I had samples of free-motion quilting that I did in a workshop, which I bound together into a runner. I like quilt-as-you-go, and the finishing to get squares together isn't hard at all. Here's a tutorial that matches what I do. I'm really happy with the way the samples went together and with the success I had with the quilting.

I started a quilt for my nephew and got it sandwiched and ready to quilt at home. It's freaking adorable, if I do say so myself. It's from a Lorax panel, which I cut up and re-arranged. My kid wanted to steal it, but it really has to go to the nephew.

I sandwiched some pre-printed Halloween placemats and got them ready to quilt at home. I saw my expert quilter auntie Robin do some line-following on a panel that made it a thousand times better than flat and I thought it would be excellent practice for me since I have a hard time following lines or my own stitches. Practice, practice, practice.

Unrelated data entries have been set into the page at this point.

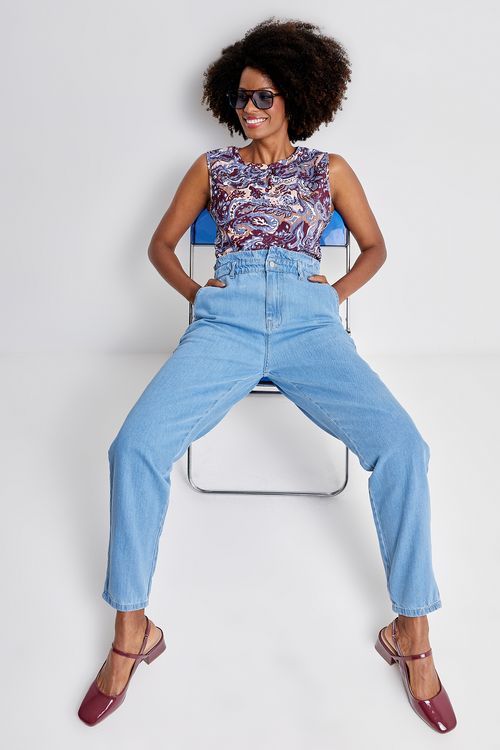 Calca fem promo jns clochard claro jeans claro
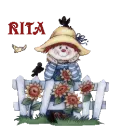autumn scarecrow at fence personalized with name Rita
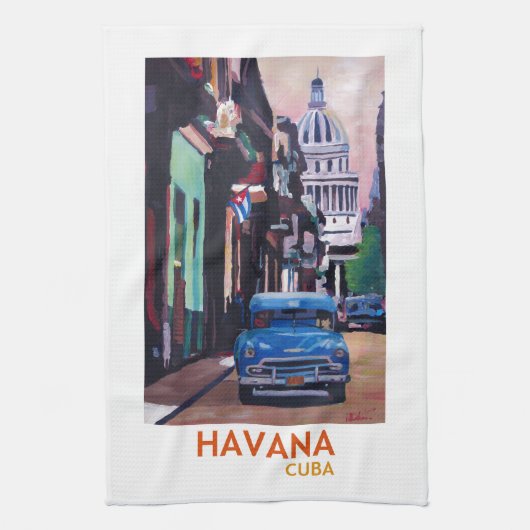 Havana in Kuba - EL Capitolo mit Oldtimer Geschirrtuch (Vertikal)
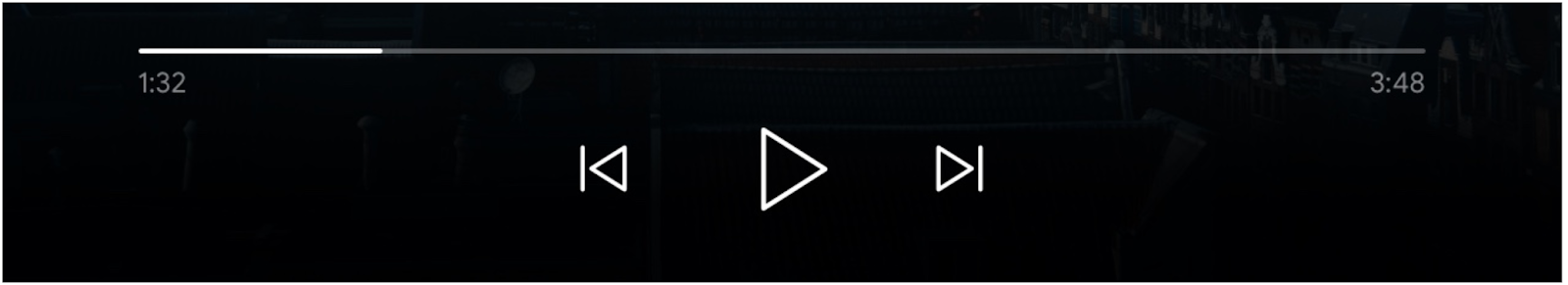 Image des commandes du lecteur multimédia : barre de progression, bouton &quot;Play&quot; (Lecture), et boutons &quot;Queue previous&quot; (Mettre en file d&#39;attente précédent) et &quot;Queue next&quot; (Mettre en file d&#39;attente suivant) activés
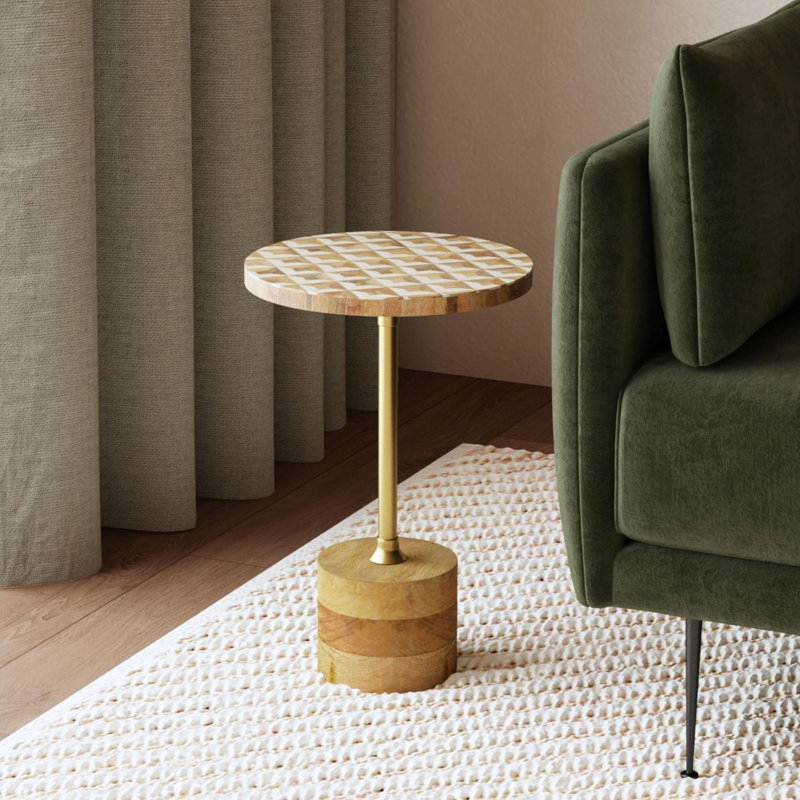 Calhoun Wood and Bone Inlay Side Table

Quilter auntie Jocy recently went to England and gave me a supercute little bus tin that could be a piggy bank, and came with some lovely tea in it.

Quilter auntie Cathy was there too, and she brought her finished one-block wonder top for show-and-tell. She was working on that at our last camp in March so it was good to see it all together. This camp, she set to work on a lot of Christmas things and made a lot of great progress.

While I'm naming names, there is a retired woman named Pat who attends all 5 or 6 of the camps that this one shop puts on each year. I see her there no matter what time of year I go. She's close to 6 feet tall, she's (I think) 85 now, she dragonboats, she skips and bounces during the fat quarter swap, and she loves to laugh. Inspiring.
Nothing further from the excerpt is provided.